To cope with the photocathode damage, we invoked two strategies in our observing. First, we limited our observations to very bright, unreddened stars. To some degree, this changed the character of our scientific program, but there were still plenty of worthwhile targets to choose from. Second, for each star we took exposures that had slightly different pointings, so that certain features would not consistently fall inside or, worse yet, on the edge of a spot. An explanation of how we coped with the modulation of the spectrum in the data reduction is given in §7.5.

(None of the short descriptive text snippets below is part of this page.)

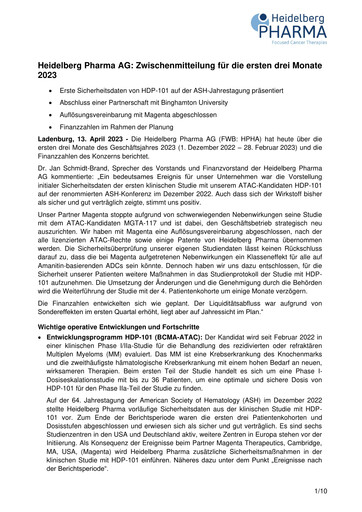 Thumbnail Heidelberg Pharma Quarterly Report 2023-q1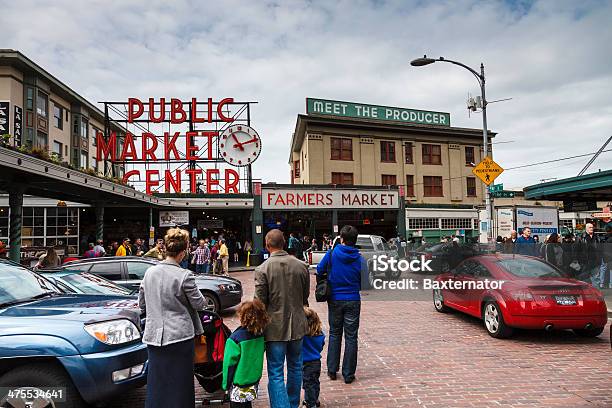 Photo libre de droit de Marché De Pike Place banque d'images et plus d'images libres de droit de Marché - Établissement commercial - Marché - Établissement commercial, Seattle, Architecture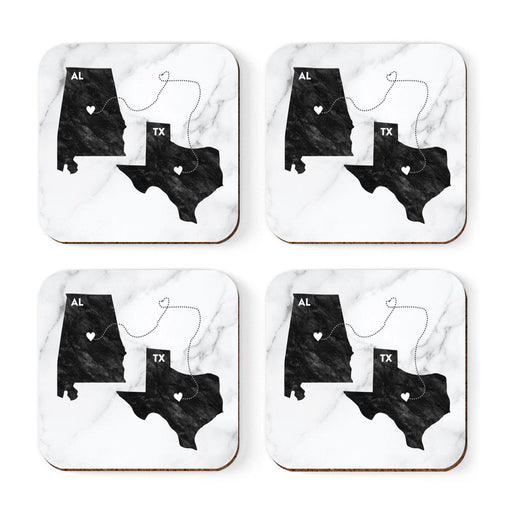 Set of 4 Square Coffee Drink Coasters Texas Long Distance Gift-Set of 4-Andaz Press-Alabama-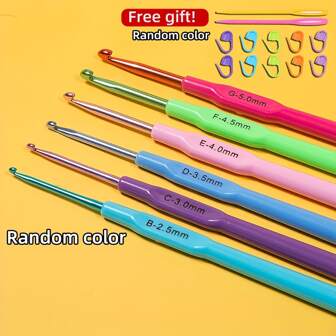 6入組/套勾織掛鉤頭髮勾織針頭人類工程學的柔軟的握把蕾絲鉤針套裝平滑織針DIY纱线編織工具適用於精細的工作,蕾絲針織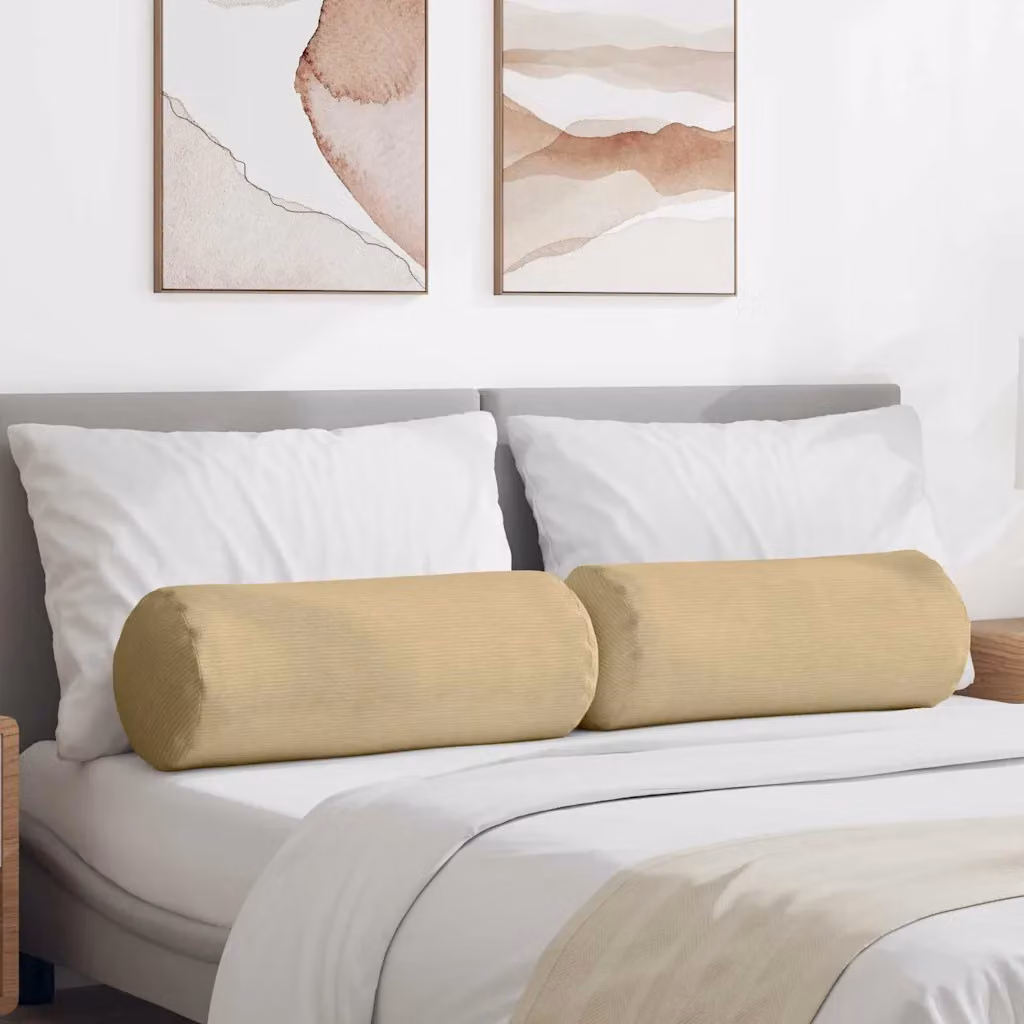 Set di 2 cuscini a rullo vidaXL in velluto a coste, colori Grigio e Verde, Ø 25 x 70 cm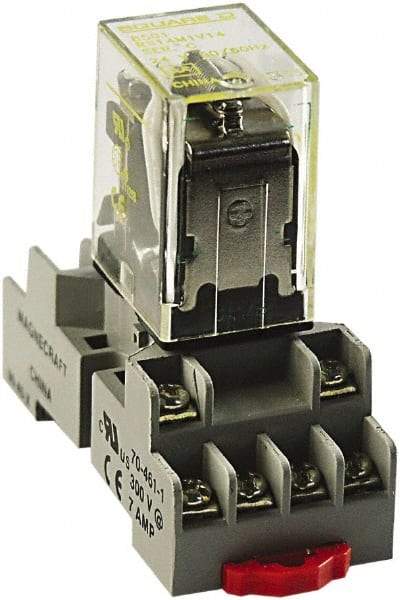Square D - 14 Pins, 300 VAC, 10 Amp, Spade Relay Socket - DIN Rail Mount, Panel Mount, Screw Clamp Terminal - Apex Tool & Supply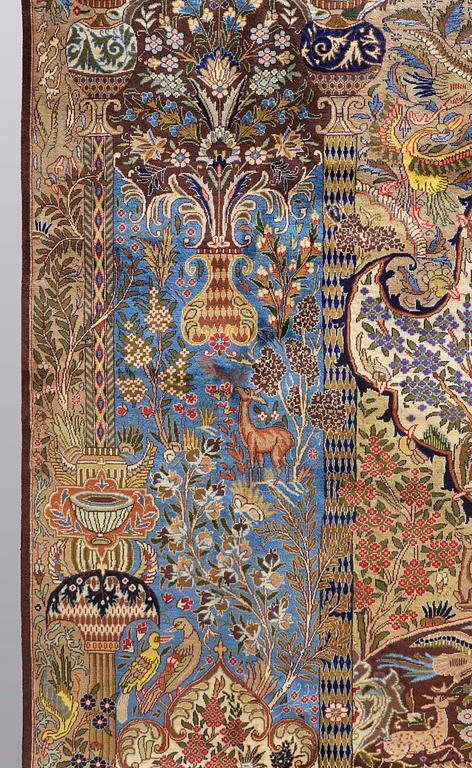 A carpet, Figural Kashmar, ca 388 x 295 cm.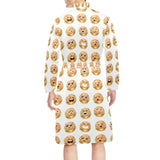 Hamburger Pattern Print Design 04 Men's Long Sleeve Belted Night Robe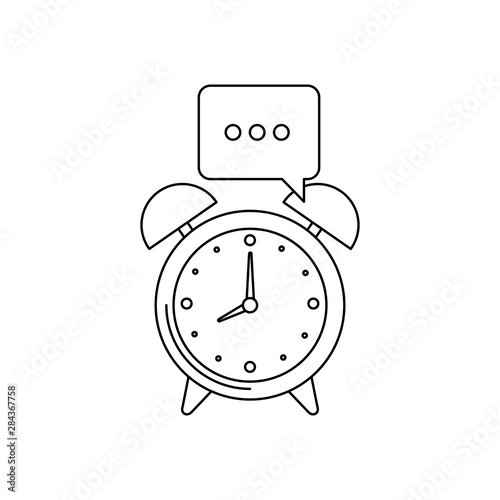 alarm clock watch with speech bubble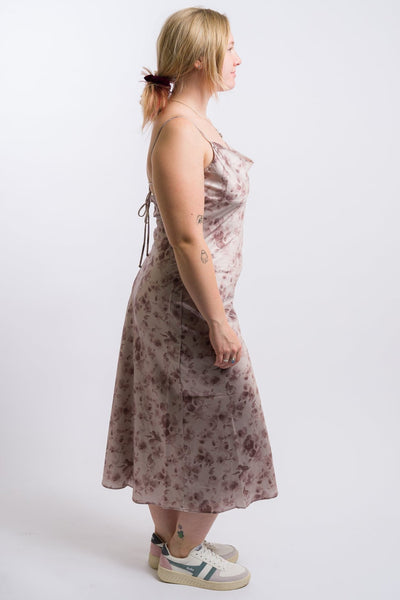 Satin Floral Nia maxi dress featuring a plunging cowl back and adjustable bow-tie closure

We feel that the most likely explanation for the damage was our inability to control the humidity inside the payload for a period of about 3 days before the Shuttle launch. Up to the time that the payload bay doors were closed, we could maintain a purge of dry nitrogen. However at the time of door closing, we had to remove this purge since access to IMAPS would no longer be possible. During the 3 days that the payload was not under purge, air of normal humidity in the bay could seep inside through a decompression vent and small gaps in the front aperture doors. As explained in §3.4, the photocathode is open to the instrument's interior environment, and the active material, KBr, is strongly hygroscopic. We feel that the damage occurred either during the last day or so before launch, or when adiabatic decompression of the air inside the payload produced a fog that lasted for about 15 seconds during the ascent of the Shuttle.